14 運命の形

 対象ターゲットの動向は、概ね弐蝋の調査通り(途中コンビニに寄ったくらい)で、ほとんど誤差なく駅へ着いた。

 問題が起こったのは、そこで女子大生と別れたあとである。


 いつもならばここから少し離れた場所にある馴染みの店で一杯やるのが恒例となっていたはずなのだが、ここで岡野に近寄る人影があった。岡野は一瞬驚いたようだったが、歩きながら二言三言会話交わすと、そのまま一緒に歩き始めた。


 あれは知り合いだろうか? データにはない接触だ。このあとのパターンが変わるかもしれない。

 そんなことを考えつつ脳内で今後をシミュレートする。これくらいのアクシデントはいくらでも経験している。実際ここから先岡野が一人になる場面はいくらでもあるし、慌てる必要はない。


 しかし、ここで岡野の隣にいる男の顔に奇妙な既視感を抱いているのに気付いた。知らない男のはずだが、そのほんの少し角ばった顔に覚えがあったからだ。

 この岡野とかいう男……どこかで会ったことがある? どこだ?

 記憶を呼び起こそうと頭を叩いたとき、岡野が隣の男の名前を呼んだ。


「見谷くん。その話は――」


 クラスメイトと同じ苗字に片方の眉をあげた。よくよく見ると、以前未希みきの家族を調べたときの家族写真にいた気がする。


「もしかして隣の男、あれ見谷の父親、か?」


 突然闖入してきた関係者――確か見谷おさむ――は少し早口で岡野に話しかけていた。少し離れているので細かい内容までは聞き取れないが、何か問題が起きたことを報告しているようだ。俺はスマホをいじっている素振をしつつ、聞き取りやすい位置に移動する。


「ですが岡野専務。マズいことに例のころ……コーポレートの方にも手が――」

「ばかもん! ここでその名前を出すなと言っているだろう!」


 岡野が、何か言いかけた見谷父をきつめの口調で制した。見谷父の胸を押した手をポケットに入れ、苛立たしげに煙草を取り出し、火をつける。風に乗って流れて来たその匂いが、俺の記憶と岡野を結び付けた。


 ……そうだ。「客」だ。あの施設で何度か見た「客」の顔だ!


 どくんと、鼓動が跳ねる。

 岡野と見谷父。岡野はあの施設の関係者で、もう一人の男は見谷未希の父親。
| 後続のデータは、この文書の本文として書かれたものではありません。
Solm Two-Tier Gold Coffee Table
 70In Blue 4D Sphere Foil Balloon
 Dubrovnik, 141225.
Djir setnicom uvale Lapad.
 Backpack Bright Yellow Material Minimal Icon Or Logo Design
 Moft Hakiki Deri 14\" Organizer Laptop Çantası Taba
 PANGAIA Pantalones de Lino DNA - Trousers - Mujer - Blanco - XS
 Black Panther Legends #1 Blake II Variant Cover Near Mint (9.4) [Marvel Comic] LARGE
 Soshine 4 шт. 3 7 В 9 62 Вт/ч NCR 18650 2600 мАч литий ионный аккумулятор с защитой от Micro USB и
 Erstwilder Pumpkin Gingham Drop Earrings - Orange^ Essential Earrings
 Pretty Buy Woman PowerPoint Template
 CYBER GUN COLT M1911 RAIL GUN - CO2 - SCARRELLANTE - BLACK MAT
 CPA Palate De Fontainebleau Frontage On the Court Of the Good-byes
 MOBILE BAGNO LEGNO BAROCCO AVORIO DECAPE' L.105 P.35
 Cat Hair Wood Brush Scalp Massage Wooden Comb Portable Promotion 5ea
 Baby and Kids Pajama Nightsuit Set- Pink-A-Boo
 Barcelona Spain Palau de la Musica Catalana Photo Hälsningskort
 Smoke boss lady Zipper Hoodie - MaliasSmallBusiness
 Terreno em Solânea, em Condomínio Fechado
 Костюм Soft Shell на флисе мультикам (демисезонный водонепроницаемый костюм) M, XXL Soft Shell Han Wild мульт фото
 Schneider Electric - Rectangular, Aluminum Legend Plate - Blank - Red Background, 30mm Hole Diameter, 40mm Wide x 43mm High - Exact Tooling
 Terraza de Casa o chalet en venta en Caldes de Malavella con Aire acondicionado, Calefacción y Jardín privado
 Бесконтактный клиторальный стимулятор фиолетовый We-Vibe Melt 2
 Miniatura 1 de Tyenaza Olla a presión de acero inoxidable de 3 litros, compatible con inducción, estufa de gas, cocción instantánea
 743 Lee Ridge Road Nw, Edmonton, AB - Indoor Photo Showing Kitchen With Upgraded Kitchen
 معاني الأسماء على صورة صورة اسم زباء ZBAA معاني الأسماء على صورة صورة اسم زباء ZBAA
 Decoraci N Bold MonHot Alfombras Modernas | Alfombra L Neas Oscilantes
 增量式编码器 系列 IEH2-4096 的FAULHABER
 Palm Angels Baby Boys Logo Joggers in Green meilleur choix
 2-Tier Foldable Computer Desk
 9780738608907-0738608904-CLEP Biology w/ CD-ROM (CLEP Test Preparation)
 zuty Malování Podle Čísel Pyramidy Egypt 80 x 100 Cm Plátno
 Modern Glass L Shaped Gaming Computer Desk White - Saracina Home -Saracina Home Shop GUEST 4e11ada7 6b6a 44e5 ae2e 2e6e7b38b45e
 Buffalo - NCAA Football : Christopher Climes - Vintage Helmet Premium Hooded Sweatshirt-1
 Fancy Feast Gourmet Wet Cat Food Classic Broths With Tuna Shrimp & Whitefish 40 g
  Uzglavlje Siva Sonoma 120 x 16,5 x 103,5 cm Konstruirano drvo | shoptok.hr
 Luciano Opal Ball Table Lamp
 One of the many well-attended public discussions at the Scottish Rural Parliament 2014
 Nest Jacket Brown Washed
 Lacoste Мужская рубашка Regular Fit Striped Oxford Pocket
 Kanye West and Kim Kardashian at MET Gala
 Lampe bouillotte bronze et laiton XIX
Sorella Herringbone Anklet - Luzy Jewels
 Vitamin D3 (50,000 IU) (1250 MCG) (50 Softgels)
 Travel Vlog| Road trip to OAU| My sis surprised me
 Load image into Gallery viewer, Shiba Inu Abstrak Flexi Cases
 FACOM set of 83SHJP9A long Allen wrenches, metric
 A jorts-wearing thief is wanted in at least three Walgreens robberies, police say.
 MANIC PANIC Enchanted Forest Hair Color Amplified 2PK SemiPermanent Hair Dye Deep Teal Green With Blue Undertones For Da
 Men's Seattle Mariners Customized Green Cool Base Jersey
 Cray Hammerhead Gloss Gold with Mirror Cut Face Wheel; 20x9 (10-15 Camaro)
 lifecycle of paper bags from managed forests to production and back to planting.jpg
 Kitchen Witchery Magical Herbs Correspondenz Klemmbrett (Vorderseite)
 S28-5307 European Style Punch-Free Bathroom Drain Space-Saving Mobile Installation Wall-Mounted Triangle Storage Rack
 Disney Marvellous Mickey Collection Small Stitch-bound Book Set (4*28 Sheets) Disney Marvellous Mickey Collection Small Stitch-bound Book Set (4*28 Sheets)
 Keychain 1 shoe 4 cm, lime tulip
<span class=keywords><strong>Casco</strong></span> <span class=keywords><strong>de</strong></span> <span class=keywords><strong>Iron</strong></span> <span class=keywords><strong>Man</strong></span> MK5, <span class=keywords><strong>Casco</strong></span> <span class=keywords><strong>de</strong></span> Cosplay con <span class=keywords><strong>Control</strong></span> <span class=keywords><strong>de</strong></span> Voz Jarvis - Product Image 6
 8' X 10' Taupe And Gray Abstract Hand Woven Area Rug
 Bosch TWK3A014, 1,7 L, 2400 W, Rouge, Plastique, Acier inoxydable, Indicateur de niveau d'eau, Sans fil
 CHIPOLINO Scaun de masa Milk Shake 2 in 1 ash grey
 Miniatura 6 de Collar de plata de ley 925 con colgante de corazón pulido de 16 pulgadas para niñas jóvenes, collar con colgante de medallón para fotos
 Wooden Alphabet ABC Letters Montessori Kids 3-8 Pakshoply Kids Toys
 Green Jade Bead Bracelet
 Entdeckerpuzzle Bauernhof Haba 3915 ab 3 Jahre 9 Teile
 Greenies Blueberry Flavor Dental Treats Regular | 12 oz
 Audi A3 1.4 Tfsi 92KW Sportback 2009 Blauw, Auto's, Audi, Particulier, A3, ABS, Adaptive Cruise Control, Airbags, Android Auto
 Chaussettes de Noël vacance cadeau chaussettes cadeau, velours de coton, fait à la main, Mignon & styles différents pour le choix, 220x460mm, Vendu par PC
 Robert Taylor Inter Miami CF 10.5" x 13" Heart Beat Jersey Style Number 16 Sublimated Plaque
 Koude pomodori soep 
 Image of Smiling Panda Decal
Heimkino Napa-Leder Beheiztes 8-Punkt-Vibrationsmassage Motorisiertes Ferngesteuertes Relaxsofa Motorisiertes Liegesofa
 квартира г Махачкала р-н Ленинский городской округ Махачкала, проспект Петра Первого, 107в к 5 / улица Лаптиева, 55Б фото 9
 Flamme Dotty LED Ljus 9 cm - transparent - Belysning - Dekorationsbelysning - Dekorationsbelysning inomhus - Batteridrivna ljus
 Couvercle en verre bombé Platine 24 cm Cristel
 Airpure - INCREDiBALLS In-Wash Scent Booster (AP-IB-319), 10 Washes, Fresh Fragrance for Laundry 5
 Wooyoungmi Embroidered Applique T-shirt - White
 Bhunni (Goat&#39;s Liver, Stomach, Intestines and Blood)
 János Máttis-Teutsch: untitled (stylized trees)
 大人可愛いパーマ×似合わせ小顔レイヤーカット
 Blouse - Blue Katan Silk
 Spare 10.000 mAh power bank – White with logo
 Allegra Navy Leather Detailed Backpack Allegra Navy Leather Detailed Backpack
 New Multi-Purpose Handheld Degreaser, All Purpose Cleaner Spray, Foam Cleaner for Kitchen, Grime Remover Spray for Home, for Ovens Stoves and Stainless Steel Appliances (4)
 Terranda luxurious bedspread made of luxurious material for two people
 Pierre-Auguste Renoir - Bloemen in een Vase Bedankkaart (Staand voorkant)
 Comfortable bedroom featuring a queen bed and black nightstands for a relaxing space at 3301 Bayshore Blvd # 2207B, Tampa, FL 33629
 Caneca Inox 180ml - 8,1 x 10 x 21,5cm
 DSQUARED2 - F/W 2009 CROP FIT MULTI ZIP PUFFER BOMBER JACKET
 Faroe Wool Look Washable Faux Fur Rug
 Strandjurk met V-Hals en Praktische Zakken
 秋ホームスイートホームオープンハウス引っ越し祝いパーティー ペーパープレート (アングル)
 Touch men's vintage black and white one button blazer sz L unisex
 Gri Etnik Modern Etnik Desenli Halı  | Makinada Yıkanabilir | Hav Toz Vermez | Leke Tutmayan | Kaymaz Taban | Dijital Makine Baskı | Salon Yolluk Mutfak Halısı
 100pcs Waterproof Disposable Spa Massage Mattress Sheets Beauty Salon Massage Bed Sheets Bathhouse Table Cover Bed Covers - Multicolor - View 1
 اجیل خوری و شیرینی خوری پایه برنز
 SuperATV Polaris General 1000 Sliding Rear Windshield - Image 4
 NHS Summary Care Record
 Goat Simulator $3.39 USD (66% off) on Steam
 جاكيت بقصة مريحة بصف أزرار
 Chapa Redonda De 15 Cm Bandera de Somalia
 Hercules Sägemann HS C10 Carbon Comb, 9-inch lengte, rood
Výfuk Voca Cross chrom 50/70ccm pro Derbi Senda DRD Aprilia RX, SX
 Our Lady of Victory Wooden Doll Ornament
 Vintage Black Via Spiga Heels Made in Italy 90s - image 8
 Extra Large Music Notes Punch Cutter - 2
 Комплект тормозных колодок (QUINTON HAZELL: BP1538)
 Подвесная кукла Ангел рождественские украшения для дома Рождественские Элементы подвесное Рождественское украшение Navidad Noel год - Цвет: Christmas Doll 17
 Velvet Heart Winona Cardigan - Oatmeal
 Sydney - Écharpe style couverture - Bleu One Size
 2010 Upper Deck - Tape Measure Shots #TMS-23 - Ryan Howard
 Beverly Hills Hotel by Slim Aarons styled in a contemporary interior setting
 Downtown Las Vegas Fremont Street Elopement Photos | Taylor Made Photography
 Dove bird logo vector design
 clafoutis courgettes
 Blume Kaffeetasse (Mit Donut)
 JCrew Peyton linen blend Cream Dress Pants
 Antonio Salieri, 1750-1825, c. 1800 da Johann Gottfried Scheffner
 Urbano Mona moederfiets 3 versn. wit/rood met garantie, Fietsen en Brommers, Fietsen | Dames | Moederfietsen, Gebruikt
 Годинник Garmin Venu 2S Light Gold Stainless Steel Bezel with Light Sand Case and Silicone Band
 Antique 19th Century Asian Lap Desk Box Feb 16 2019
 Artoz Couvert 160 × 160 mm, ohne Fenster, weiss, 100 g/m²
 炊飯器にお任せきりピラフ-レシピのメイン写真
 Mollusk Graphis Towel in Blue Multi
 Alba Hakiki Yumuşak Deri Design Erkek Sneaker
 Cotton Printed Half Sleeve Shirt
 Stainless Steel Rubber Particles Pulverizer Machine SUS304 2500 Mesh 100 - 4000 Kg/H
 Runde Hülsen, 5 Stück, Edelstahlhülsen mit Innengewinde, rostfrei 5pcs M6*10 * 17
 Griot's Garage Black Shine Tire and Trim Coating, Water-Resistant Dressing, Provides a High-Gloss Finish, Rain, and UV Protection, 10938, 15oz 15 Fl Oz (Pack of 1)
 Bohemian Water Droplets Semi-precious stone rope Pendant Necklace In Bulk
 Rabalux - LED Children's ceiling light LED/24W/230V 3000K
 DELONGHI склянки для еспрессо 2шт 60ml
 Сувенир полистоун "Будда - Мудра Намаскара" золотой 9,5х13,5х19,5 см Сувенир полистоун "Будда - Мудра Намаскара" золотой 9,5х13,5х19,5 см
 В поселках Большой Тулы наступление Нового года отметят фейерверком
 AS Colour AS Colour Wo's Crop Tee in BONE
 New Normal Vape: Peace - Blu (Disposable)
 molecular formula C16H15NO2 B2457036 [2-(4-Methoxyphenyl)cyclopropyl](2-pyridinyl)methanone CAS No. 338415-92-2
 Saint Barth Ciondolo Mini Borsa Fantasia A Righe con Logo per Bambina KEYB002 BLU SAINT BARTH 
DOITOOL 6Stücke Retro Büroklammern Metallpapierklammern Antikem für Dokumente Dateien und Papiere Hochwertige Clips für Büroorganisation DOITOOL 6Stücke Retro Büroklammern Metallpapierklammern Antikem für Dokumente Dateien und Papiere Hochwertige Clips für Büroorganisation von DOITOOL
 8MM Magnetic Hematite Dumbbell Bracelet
そして話しぶりからして二人は何らかの繋がりを持っている。

 これまで仕事のターゲットにこんな関連性があったことはない。


 これは偶然だろうか?


 いや。弐蝋――あの男に限ってそんなことはない。見谷父がここにくること、俺がそれを知ること、それら全てが織り込み済みだったに違いない。

 もう一度、本能が痛いほどの鼓動となり胸を打った。


 復讐の対象だ。殺せ。どちらも。関係者だ。

                  感情がそう語り掛けてくる。


 いやダメだ。見谷の父親は仕事の対象じゃない。ここで殺すべきじゃない。

      理性がそう語り掛けてくる。


 二人は何かを話しながら歩き続けていた。横を何人もの人影が通り過ぎていく。どうするべきか決めかねているうちに、気が付けば駅から離れ、高速道路が頭上を走る繁華街の出口まで来ている。

 マズい。ここからタクシーに乗られてしまうとこの先殺す機会はなくなる。このイベントは危険だ。多少強引に巻き込んででも岡野を殺すしかない。


            見谷父はどうする?

 見谷の父親を殺す依頼は受けていない。アレは保留するべきだ。


     ならやることは一つだろう。

「ああ。トワリ。見谷の父親の視界から俺だけ外せるか」


 死神の名を呼ぶと、後ろでこくりと頷いたのが空気の揺れで分かった。

 通行人は四人。そのうち一人はあと五秒ほどで通りを抜ける。一人はかかってきた携帯を、残る二人は傘をさすべきか迷いながら談笑に耽っている。見谷俊夫はタクシーを止めるために数歩離れている。岡野の横の車線を猛スピードの車が走り去っていく。岡野を注視する者はいない。


 仕掛けるなら今だ。

 俺は息を止めると、ひっそり後ろから、岡野へと近寄る。

 自然な殺し屋ナチュラルリーパーは誰にも見られず、証拠も残さない。


 しかし、今日は普段と違っていたかもしれない。もしかしたら見谷未希と会っていたこと、昔のことを思い出していたこと、色々あったからかもしれない。


 だからなのか。岡野の背中を押して車線へと押し出したとき、ほんの一瞬、見谷俊夫の目がこちらへ向いたのに、俺は気が付かなかった。